According to Scott Morrison’s speech to them yesterday, keep right on doing what you’re doing, only make sure you know the minister is in charge, and make sure you don’t have anything to do with lobbyists.
The prime minister’s speech to public servants was riddled with the kind of managerialist pabulum to which public servants are endlessly exposed and which, eventually, they absorb into their DNA, but delivered with Morrison’s carefully-confected suburban dad persona. The prime minister reeled off six “guide posts” (I have no idea what a “guide post” is, but a quick search reveals it’s a Christian thing).
But for every managerialist cliché they were couched in — “agile and responsive “, “clear lines of accountability”, “services delivered seamlessly and efficiently”, “strong emphasis on delivering outcomes”, “evolve and adapt amidst constant change” (no one ever writes that shit, it’s only ever cut-and-pasted) — there was a clunky attempt to stick a World’s Best Dad BBQ apron on it. Ray Price — a rugby league player who retired more than thirty years ago — was invoked an example to emulate. The outcomes rubbish was rebranded as “look at the scoreboard”. There was a laboured metaphor about bacon and eggs that wasn’t entirely clear. Something else about Treasury staff eating pizza late at night. The speech reads like bumping into a New Public Management theorist in the toilets at the footy.
What was entirely absent, signally, was anything about transparency or integrity. “Transparency” is literally never mentioned by Morrison. “Integrity” is mentioned a few times en passant, but despite serious concerns about corruption, political interference and favouritism to vested interests across the public sector, and widespread calls for a federal independent commission against corruption, Morrison seems to think its a non-issue, sending a clear signal to public servants that it’s business-as-usual when it comes to maladministration, lack of transparency and soft and hard corruption.
What is an issue, he seems to think, is public servants being influenced by lobbyists. “The vast majority of Australians will never come to Canberra to lobby government. They won’t stay at the Hyatt. They won’t have lunch at the Ottoman. They won’t kick back at the Chairman’s Lounge at Canberra airport after a day of meetings.” That vast majority of Australians “are the centre of my focus as PM and my government,” Morrison said. “These are your stakeholders.”
It’s evident that Morrison has never worked in the APS: he seems to think that what is normal for politicians — being lobbied by vested interests — is normal for public servants, and that the latter spend much of their time subject to the dark arts of influence-peddlers in transit between the Ottoman and the Hyatt. Morrison seems to think that such lobbyists, having luxuriated at Chairman’s Lounge, fly in to Canberra both to lobby for the wealthy and for the poor alike. “Some will be corporate interests. Some will be advocating for more welfare spending or bigger social programs.” Morrison laments the “perception that politics is very responsive to those at the top and those at the bottom, but not so much to those in the middle.”

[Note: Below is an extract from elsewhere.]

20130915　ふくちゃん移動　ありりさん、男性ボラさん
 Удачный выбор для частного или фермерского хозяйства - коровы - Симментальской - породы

I think I missed the bit where Australian politics was as responsive to the needs of Newstart recipients as it is to wealthy retirees or the Business Council. Not too many lobbyists bashing down the doors of ministers to urge the poor be looked after better, Scott. And the rich irony of his warning about lobbyists is that the Liberal Party’s business model is to take millions in donations from corporate interests and in exchange cut wages, cut taxes, cut regulation, cut funding for regulators, and interference in administration in favour of donors, not in favour of the electorate. If Morrison really wants a “laser-like focus” on middle Australia, he could always try taking stronger action on climate change (53% support), allowing euthanasia (90%) or an Indigenous voice to parliament (57%). Or perhaps what middle Australia wants is only worth the laser when it accords with your own ideological beliefs or your donors’ interests?